Fast Summary-based Whole-program Analysis to Identify Unsafe Memory Accesses in Rust

Rust is one of the most promising systems programming languages to fundamentally solve the memory safety issues that have plagued low-level software for over forty years. However, to accommodate the scenarios where Rust's type rules might be too restrictive for certain systems programming and where programmers opt for performance over security checks, Rust opens security escape hatches allowing writing unsafe source code or calling unsafe libraries. Consequently, unsafe Rust code and directly-linked unsafe foreign libraries may not only introduce memory safety violations themselves but also compromise the entire program as they run in the same monolithic address space as the safe Rust. This problem can be mitigated by isolating unsafe memory objects (those accessed by unsafe code) and sandboxing memory accesses to the unsafe memory. One category of prior work utilizes existing program analysis frameworks on LLVM IR to identify unsafe memory objects and accesses. However, they suffer the limitations of prolonged analysis time and low precision. In this paper, we tackled these two challenges using summary-based whole-program analysis on Rust's MIR. The summary-based analysis computes information on demand so as to save analysis time. Performing analysis on Rust's MIR exploits the rich high-level type information inherent to Rust, which is unavailable in LLVM IR. This manuscript is a preliminary study of ongoing research. We have prototyped a whole-program analysis for identifying both unsafe heap allocations and memory accesses to those unsafe heap objects. We reported the overhead and the efficacy of the analysis in this paper.

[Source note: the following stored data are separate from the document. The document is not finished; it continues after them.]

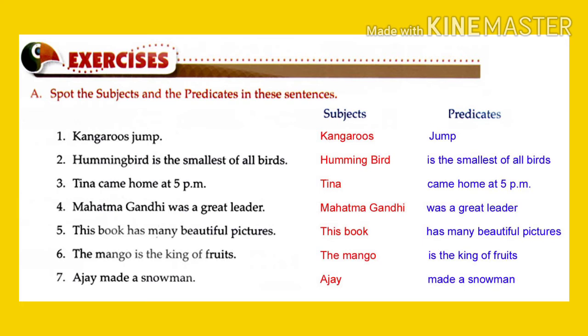Hummingbird is the smallest of all birds. 'Hummingbird' is the noun part, that is why it is the subject. 'Is the smallest of all birds' is the verb part, that is why it is known as the predicate.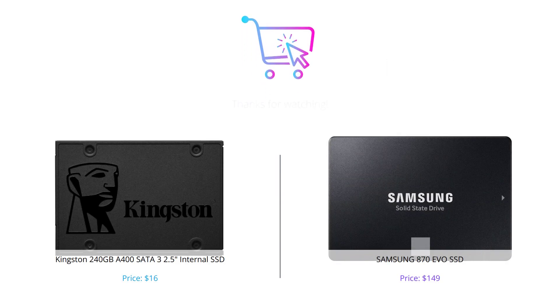That's it for our comparison between Kingston's A400 and Samsung's 870 EVO SSD. At the end of the day, it comes down to your personal preference and needs. If you are on a budget, Kingston's A400 is a great option, but if you need better performance and reliability, Samsung's 870 EVO is the way to go.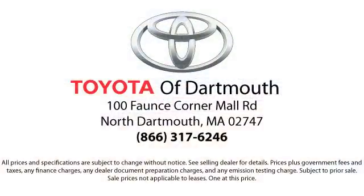At Toyota of Dartmouth, we have the Price Promise, which ensures our customers get the right vehicle at the right price, so you don't have to waste your time shopping around or worrying you paid too much. Come visit us today — we're looking forward to meeting you.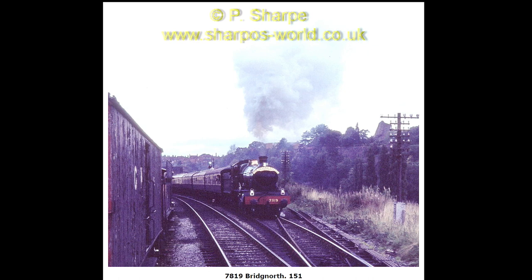7819 leaving Bridgnorth. Looks like there's a tender on the head shunt on the left, and an ex-Great Western loco — don't know which one though.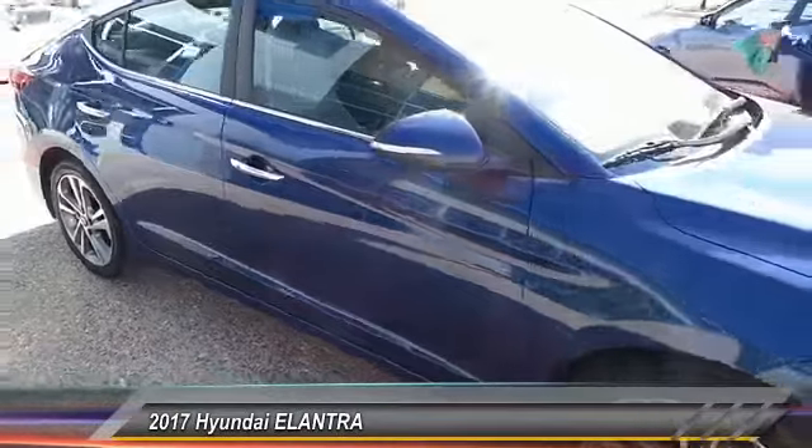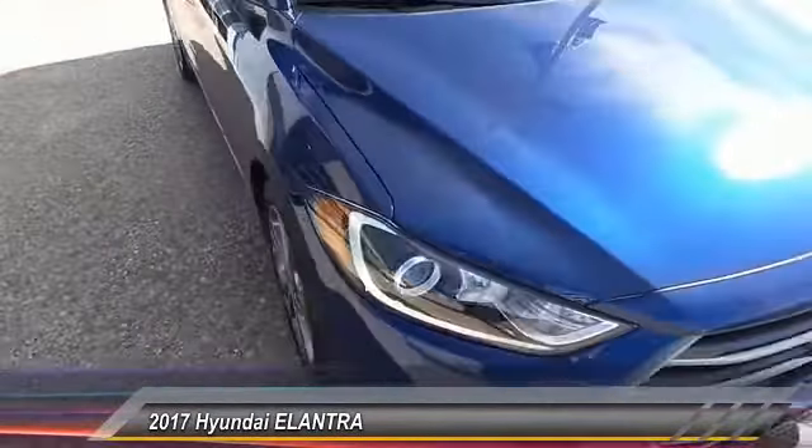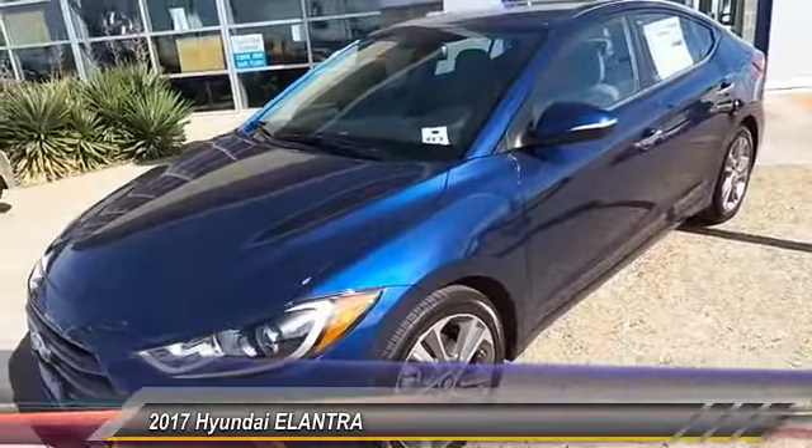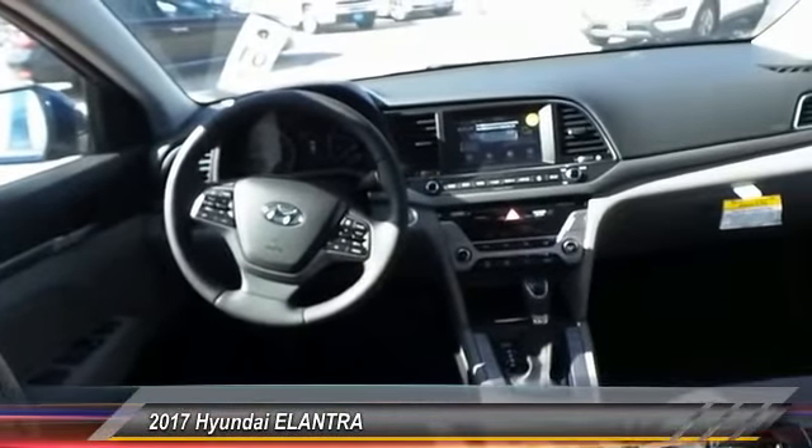This vehicle has less than 100 miles. A vehicle like this doesn't come along every day. Come in and get it before someone else does.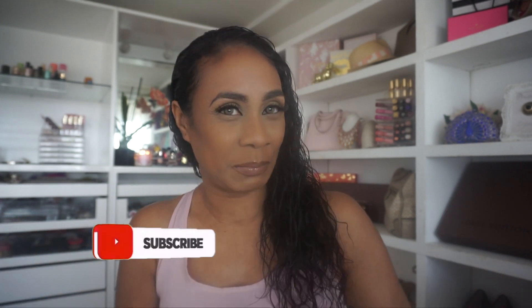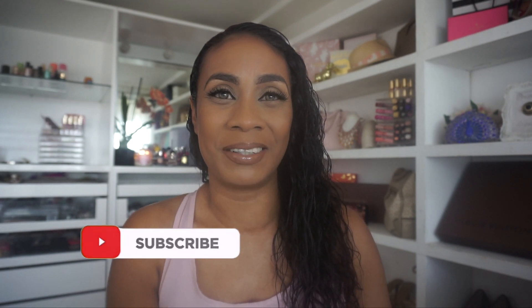Hey guys, Colleen here. Welcome back to my channel. If you're new, please subscribe on your way out. And if you're a returning subscriber, thank you so very much for coming back and checking in on your girl. Just a quick little reminder that I still have my giveaway going on for Good Molecules Skincare and a Skincare Fridge.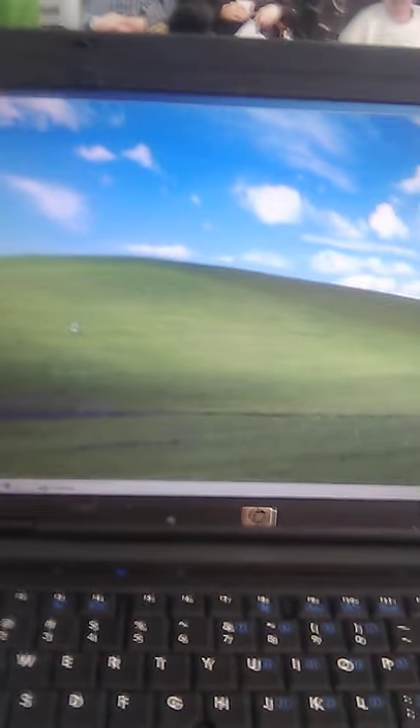I just turned the computer on so it's going to take a minute for K-Melon to come up. What I really wanted to show you is that yes, it can use modern internet.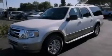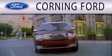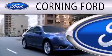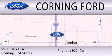Please call today to reserve this vehicle for a test drive. Corning Ford is dedicated to doing everything possible to ensure that the experience you have selecting your next vehicle is as pleasant as possible. We're located at 2280 Short Drive in Corning.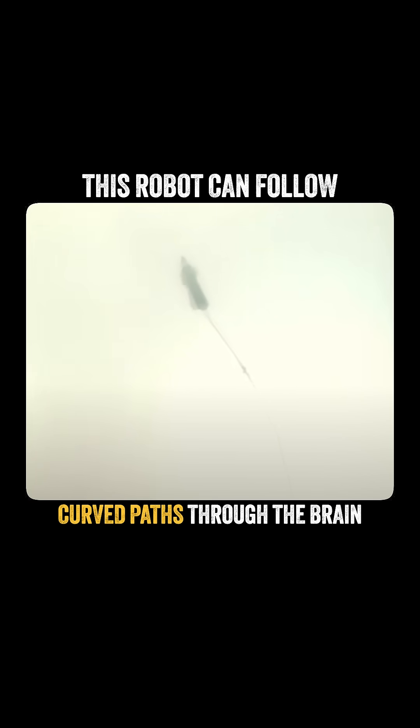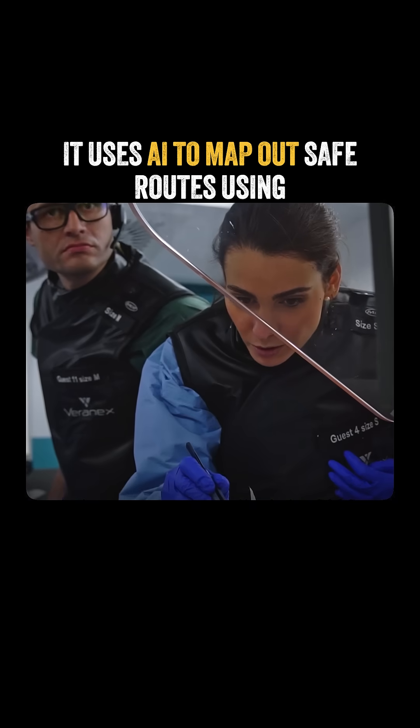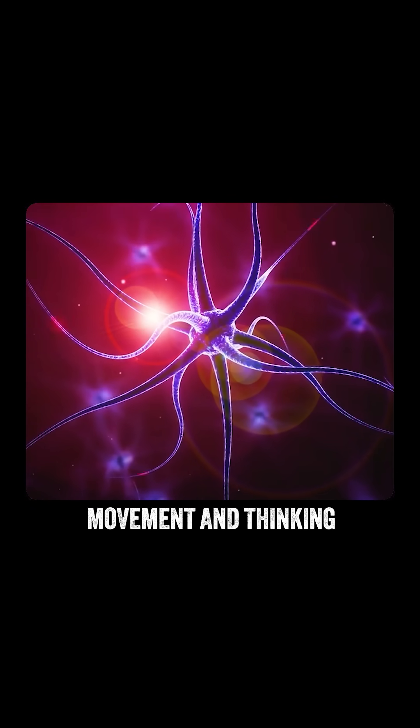Unlike regular tools, this robot can follow curved paths through the brain, reaching places that were once too risky for surgery. It uses AI to map out safe routes using MRI scans, avoiding important areas in the brain that control things like movement and thinking.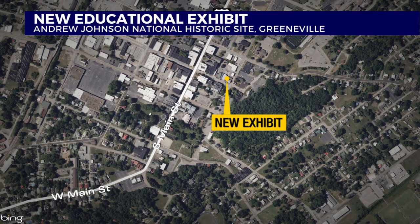The Andrew Johnson National Historic Site is working to not only educate children on the history of Johnson, but teach them about the American government. A new exhibit is now available at this space, giving kids a closer look at the life of Johnson and his career as a whole. News Channel 11's Leah Johnson spoke with leaders today about the hands-on experience people can get with this new exhibit.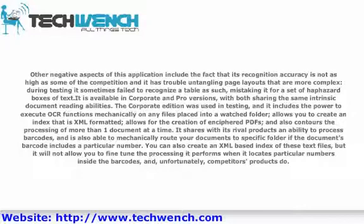You can also create an XML-based index of these text files, but it will not allow you to fine-tune the processing it performs when it locates particular numbers inside the barcodes, and, unfortunately, competitors' products do.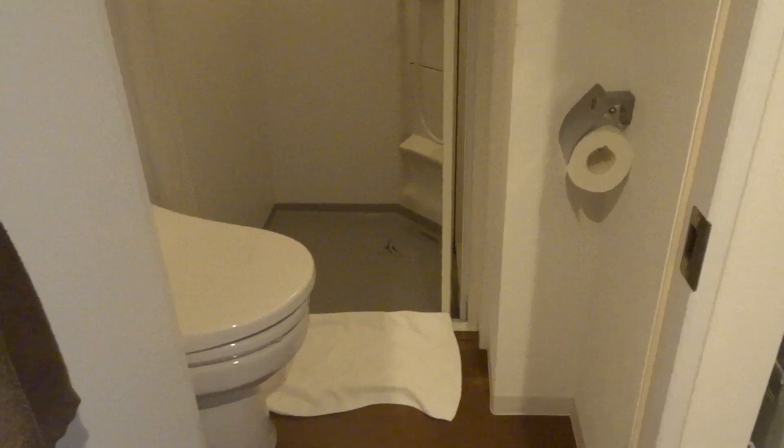Here is a washing machine. Then after that, you have the bathroom with a shower.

翻译：Rust是最有希望从根本上解决困扰低级软件四十余年内存安全问题的系统编程语言之一。然而，为了适应某些系统编程场景中Rust的类型规则可能过于严格，以及程序员倾向于选择性能而非安全检查的情况，Rust提供了安全逃逸机制，允许编写不安全的源代码或调用不安全的库。因此，不安全的Rust代码及直接链接的不安全外部库不仅可能自身引入内存安全违规，还会因与安全的Rust代码运行在同一单一地址空间中而危及整个程序。通过隔离不安全内存对象（由不安全代码访问的对象）并对不安全内存的内存访问进行沙箱化可缓解此问题。先前有一类工作利用LLVM IR上的现有程序分析框架来识别不安全内存对象和访问，但存在分析耗时长、精度低的局限。本文采用基于Rust MIR的摘要式全程序分析应对这两个挑战。摘要分析按需计算信息以节省分析时间，在Rust MIR上进行分析充分利用了Rust固有的丰富高级类型信息（LLVM IR中缺失该信息）。本文是正在进行研究的初步成果，我们已原型实现全程序分析，用于识别不安全堆分配及针对这些不安全堆对象的内存访问，并报告了该分析的开销与有效性。